The only downside I see here, is that the user may choose not to consume it immediately but after some user action, which will be included in overall request time
I think that's correct and maps what the user is doing, i.e. it's something I would want to see in the traces.
With regards to the recent announcement that undici's fetch would be integrated in node as experimental. I believe it makes sense I wrap first the fetch implementation through patching, without diagnostic channels. Then I'll try to get something done in a more generic manner; what do you think?
I still recommend getting this right. It will take a few months before this is unflagged.
Gotcha!
Would this PR allow distributed tracing to connect services that are making requests via undici? We recently changed to undici for many of our server-to-server requests and the services are no longer connected on their traces. Does anyone know a workaround to connect them in the meantime?

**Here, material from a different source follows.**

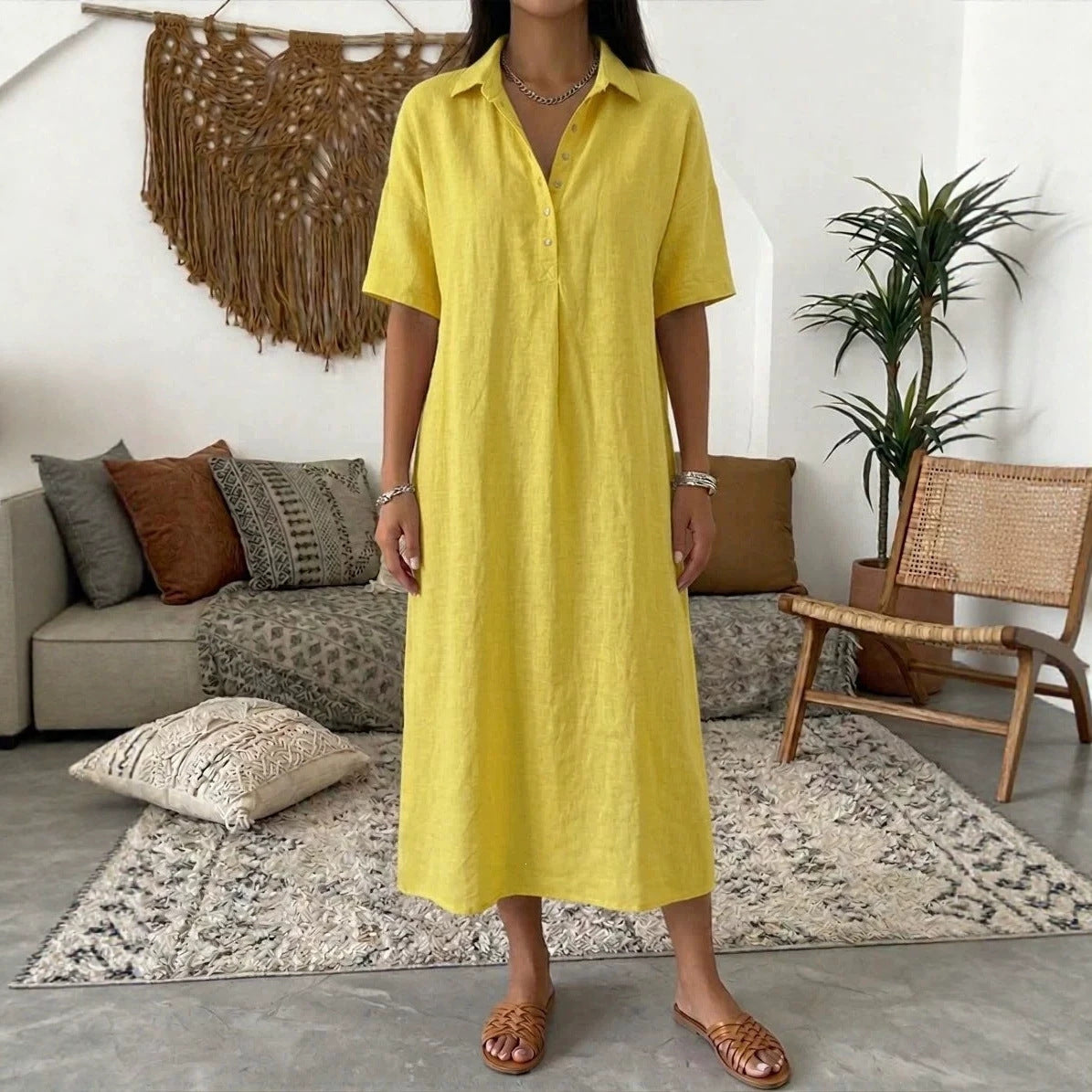 Relaxed Linen Shirt Midi Dress with Collar and Short Sleeves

Are there headers I can set on the undici requests?
@lucasmarcelli You can inject the current tracing context in the headers like this:
const headers = {}
const span = tracer.scope().active()
tracer.inject(span, 'http_headers', headers)
client.dispatch({
path: '/',
method: 'GET',
headers
}
@rochdev thank you so much, i will give that a try :)
@rochdev I believe I made some strides in the right direction:
- calls are now wrapped
- we use diagnostics channels in order to
- inject span with all the request info
- inject propagation headers in the request
- capture connect / abort errors
- capture status code
- we use the wrapping to
- initially create the spans
- propagate the async context
- properly wrap the
pipelinecommand - finish the spans when the promise resolves
I also extracted commons from the http client wrapper as suggested.

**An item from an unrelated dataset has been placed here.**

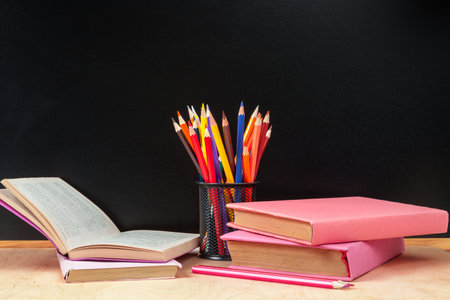 back to school template design, with school supplies and space for text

The test suite covers both using client.[method] and undici.[method] and ensure both emit traces properly at a high level.
❓ If we want to be extensive, we should run the whole suite with all methods we'll probably find some wholes in there.
The instrumentation is a bit all over the place with the 2 wrapping strategies, I could attempt to simplify a bit 😅.
let me know what you think.
@mcollina how would you approach instrumenting reading the response body? Is there a single member that I can wrap on the response and watch for an end event? Ideally, I'd love to add a child span that just represents reading the request body. Is it possible to get an event when the stream starts being consumed? Or should I simply finish the span only when the body end event is emitted?